Evie’s power has always depended on the assumption that no one would call her bluff. That everyone was too afraid of the noise she’d make.
“If anything,” I add, “you stirring things up would probably bring me more work. People like supporting someone you’re trying to crush.”
“You’re making a mistake,” she says after a moment, her voice cooler now. “One you won’t be able to undo.”
I give her a small, almost tired smile. “I disagree.”
Outside, I hear the low thud of a box being set down. The movers are making the final trip to the truck.
I step outside, and one of them gives me a polite nod, clipboard tucked under his arm. He tells me they’re ready to go.
I thank him and walk toward my car, keys cool and familiar in my hand.
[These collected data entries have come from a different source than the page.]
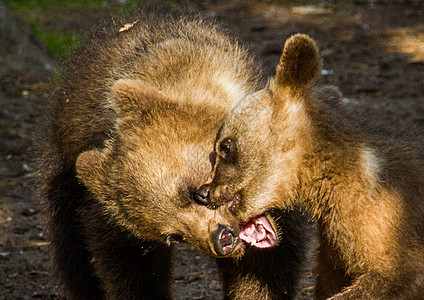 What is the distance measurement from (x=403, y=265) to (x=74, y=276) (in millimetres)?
3066

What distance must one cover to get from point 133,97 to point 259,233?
118 centimetres

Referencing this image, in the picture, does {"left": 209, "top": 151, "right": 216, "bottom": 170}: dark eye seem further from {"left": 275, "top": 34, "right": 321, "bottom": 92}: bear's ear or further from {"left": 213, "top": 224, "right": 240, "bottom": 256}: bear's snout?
{"left": 275, "top": 34, "right": 321, "bottom": 92}: bear's ear

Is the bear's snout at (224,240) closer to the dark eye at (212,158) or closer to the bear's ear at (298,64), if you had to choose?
the dark eye at (212,158)

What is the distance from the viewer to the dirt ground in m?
6.65

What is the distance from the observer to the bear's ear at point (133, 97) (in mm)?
4699

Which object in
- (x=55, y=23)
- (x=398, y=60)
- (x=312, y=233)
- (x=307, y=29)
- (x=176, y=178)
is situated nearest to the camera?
(x=176, y=178)

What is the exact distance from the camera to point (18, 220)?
7598 millimetres

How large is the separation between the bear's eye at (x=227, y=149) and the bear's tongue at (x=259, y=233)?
0.46 m

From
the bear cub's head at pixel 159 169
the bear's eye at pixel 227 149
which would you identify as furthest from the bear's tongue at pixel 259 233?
the bear's eye at pixel 227 149

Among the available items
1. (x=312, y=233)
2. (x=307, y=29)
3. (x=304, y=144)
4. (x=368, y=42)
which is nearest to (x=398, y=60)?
(x=368, y=42)

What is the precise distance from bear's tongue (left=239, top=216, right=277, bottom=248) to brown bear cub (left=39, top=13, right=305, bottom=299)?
66 mm

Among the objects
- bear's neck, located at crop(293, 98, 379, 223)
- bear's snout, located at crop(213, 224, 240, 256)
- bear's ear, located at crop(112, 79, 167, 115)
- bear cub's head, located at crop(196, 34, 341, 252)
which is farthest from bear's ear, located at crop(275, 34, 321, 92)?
bear's snout, located at crop(213, 224, 240, 256)

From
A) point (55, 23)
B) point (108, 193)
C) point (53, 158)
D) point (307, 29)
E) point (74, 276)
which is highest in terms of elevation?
point (108, 193)

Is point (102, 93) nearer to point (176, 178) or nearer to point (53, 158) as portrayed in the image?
point (53, 158) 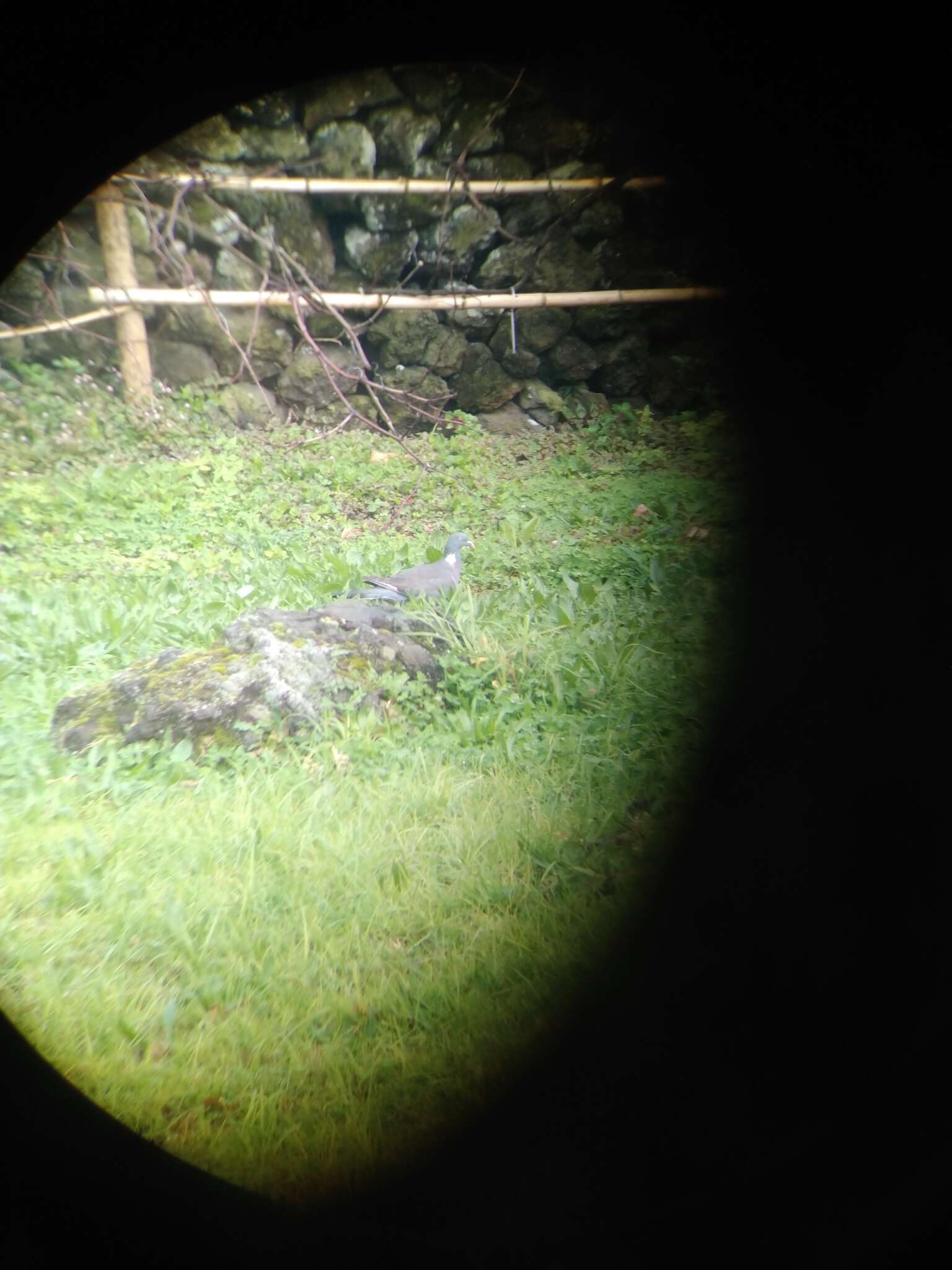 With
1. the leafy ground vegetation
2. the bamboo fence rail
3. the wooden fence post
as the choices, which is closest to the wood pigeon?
the leafy ground vegetation

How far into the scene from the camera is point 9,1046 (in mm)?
1257

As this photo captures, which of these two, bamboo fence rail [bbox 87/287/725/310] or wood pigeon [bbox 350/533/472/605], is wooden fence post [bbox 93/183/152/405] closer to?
bamboo fence rail [bbox 87/287/725/310]

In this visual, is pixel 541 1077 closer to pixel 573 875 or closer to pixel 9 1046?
pixel 573 875

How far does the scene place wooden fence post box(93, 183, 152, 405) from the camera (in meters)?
1.92

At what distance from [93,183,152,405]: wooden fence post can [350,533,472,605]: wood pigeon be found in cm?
79

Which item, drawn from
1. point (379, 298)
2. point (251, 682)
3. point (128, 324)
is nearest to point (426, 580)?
point (251, 682)

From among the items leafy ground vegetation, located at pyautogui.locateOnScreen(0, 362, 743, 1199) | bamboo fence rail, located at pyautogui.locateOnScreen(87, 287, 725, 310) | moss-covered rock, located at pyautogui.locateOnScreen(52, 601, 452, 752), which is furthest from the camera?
bamboo fence rail, located at pyautogui.locateOnScreen(87, 287, 725, 310)

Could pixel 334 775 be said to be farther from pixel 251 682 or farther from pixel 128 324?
pixel 128 324

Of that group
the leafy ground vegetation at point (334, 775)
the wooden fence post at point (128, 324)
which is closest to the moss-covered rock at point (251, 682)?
the leafy ground vegetation at point (334, 775)

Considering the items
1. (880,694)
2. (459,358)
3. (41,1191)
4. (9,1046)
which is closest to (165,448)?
(459,358)

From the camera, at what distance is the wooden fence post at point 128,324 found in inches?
75.7

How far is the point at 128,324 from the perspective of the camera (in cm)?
207

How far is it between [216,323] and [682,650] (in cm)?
147

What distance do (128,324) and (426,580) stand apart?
1.09 meters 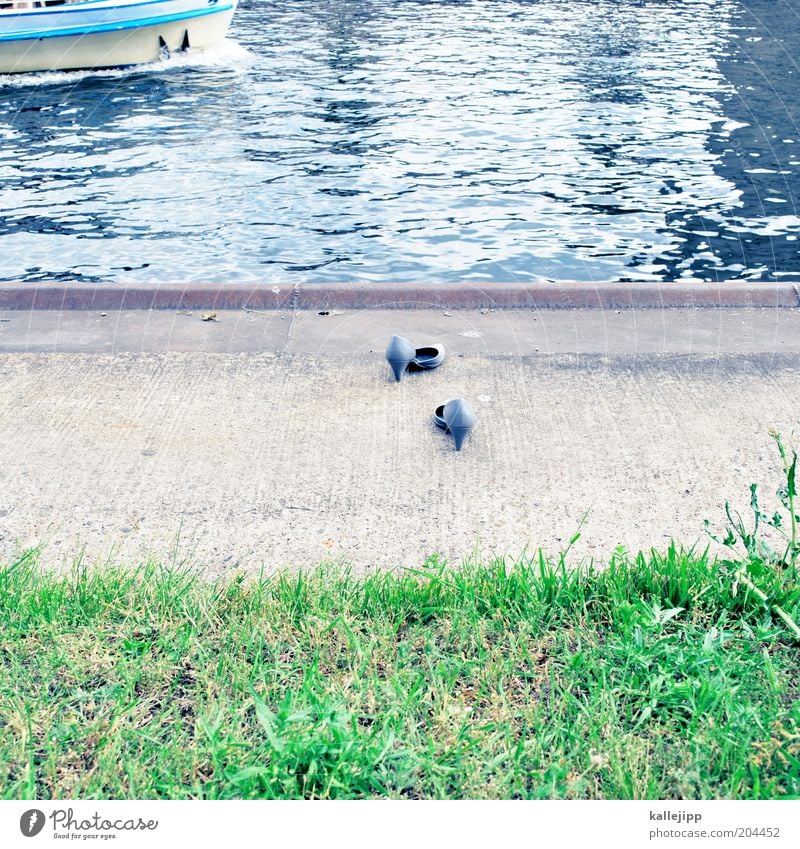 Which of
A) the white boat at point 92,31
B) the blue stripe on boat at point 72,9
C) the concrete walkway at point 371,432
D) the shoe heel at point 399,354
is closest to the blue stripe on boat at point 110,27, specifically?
the white boat at point 92,31

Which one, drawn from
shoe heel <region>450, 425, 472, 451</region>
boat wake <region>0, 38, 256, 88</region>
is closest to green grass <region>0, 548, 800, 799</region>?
shoe heel <region>450, 425, 472, 451</region>

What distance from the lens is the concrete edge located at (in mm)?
5395

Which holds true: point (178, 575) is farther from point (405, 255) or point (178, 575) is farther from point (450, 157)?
point (450, 157)

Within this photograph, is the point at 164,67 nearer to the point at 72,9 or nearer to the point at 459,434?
the point at 72,9

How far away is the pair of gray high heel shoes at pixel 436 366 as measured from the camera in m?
3.88

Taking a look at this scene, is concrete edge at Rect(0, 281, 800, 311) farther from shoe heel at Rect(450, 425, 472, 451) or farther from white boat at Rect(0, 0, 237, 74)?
white boat at Rect(0, 0, 237, 74)

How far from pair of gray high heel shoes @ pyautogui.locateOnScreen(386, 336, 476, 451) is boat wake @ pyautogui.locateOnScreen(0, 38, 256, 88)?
1530cm

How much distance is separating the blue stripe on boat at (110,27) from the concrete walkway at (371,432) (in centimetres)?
1556

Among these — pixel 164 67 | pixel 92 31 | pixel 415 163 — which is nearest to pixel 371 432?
pixel 415 163

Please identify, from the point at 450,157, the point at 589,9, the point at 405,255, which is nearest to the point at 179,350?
the point at 405,255

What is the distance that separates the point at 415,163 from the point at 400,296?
654cm

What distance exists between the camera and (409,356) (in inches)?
177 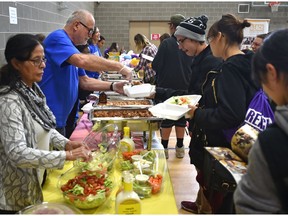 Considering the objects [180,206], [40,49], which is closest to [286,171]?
[40,49]

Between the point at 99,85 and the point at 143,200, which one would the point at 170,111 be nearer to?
the point at 143,200

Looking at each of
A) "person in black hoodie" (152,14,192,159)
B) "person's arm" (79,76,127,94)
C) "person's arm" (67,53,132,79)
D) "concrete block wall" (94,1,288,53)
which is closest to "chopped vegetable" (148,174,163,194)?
"person's arm" (67,53,132,79)

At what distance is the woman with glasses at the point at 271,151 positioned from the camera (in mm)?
739

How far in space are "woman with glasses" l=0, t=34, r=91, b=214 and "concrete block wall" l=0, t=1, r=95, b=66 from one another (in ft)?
3.38

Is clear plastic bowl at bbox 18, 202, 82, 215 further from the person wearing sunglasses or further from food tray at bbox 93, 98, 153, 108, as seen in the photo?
food tray at bbox 93, 98, 153, 108

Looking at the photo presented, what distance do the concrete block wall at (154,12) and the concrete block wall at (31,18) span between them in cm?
416

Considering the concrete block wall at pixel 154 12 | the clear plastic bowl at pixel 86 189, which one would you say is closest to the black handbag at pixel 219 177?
the clear plastic bowl at pixel 86 189

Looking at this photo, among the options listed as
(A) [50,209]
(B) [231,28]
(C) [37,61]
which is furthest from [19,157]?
(B) [231,28]

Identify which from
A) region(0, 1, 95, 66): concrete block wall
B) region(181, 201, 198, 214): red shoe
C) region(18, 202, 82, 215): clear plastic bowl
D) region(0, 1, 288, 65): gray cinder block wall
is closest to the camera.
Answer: region(18, 202, 82, 215): clear plastic bowl

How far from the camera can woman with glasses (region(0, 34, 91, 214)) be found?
3.96 feet

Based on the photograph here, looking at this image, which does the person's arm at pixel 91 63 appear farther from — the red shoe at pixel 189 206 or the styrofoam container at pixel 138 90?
the red shoe at pixel 189 206

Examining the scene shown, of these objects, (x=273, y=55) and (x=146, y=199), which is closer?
(x=273, y=55)

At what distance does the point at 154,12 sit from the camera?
356 inches

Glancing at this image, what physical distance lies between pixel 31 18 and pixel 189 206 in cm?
245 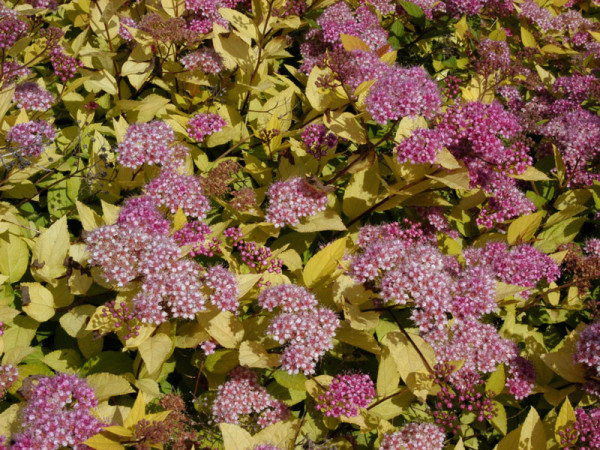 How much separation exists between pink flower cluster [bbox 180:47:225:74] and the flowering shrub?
0.01 m

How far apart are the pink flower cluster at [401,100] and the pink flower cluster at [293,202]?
0.54 meters

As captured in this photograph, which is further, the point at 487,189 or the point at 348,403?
the point at 487,189

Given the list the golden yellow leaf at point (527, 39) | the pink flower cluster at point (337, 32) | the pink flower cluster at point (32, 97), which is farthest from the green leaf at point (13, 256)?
the golden yellow leaf at point (527, 39)

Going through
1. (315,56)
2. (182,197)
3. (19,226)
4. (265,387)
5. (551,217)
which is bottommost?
(265,387)

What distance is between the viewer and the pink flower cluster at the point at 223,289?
101 inches

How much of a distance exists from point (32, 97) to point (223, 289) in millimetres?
1742

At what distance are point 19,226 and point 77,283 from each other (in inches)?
21.9

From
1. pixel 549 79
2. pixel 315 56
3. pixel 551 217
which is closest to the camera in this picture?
pixel 551 217

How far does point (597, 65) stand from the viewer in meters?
4.77

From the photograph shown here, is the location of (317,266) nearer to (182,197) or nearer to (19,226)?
(182,197)

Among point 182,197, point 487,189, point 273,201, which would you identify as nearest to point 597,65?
point 487,189

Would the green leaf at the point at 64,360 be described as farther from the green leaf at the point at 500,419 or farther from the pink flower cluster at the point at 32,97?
the green leaf at the point at 500,419

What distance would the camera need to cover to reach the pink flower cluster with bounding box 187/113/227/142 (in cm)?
333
I can feel Evie’s presence behind me like static, waiting for a reaction that isn’t coming.
When I finally glance in the rearview mirror, she’s standing near the front steps of the house. Still and alone. Her coat buttoned tight, her posture rigid, as if control might return if she holds herself correctly.
This is the version of her I’ve always avoided seeing. Not powerful. Not commanding. Just deeply, painfully lonely. She’s spent years pushing people away until there’s no one close enough to contradict her. Most of the people left in her orbit tolerate her because they want something from her.
That isn’t me.
Even now, she doesn’t look like someone who understands what she’s done. She looks like someone who believes this is temporary, like I’ll come back when I “calm down.”
But as I drive away, the house shrinks in the mirror until Evie becomes just another figure swallowed by distance.
I follow the moving truck as it rumbles its way through town, and then Luc’s driveway comes into view as the truck slows ahead of me.
I feel relief before I even put the car in park, the way my body exhales when it recognizes something familiar.
Luc has patients this morning, and my brother and sisters have plenty to do, so while they’ll reappear later, for now, I’ve convinced them I can do this on my own.
The movers pull in and open the back of the truck. As I approach, they ask where I want the boxes.
“All the way inside,” I tell them. “The back room.”
They nod and carry my life past me and into a space that hasn’t been arranged on my behalf.
As I watch them, I think about what partnership actually means. Not being absorbed into someone else’s life. Not being managed or corrected or handled. But a presence that holds without gripping. Support that doesn’t erase identity.
Luc has never tried to rearrange me. After I explained how I felt about his early choices, he doesn’t rush ahead of my decisions or smooth over my discomfort so he can feel useful. He listens. He shows up. He lets me take the lead in my own life.
Even the pregnancy feels different now. It’s less like a weight I have to account for and more like a future I get to imagine. Not alone but not surrendered either. There’s something growing here because I want it to, not because someone else decided it should.
This isn’t temporary. It isn’t reactionary.
This is something I’m choosing to build.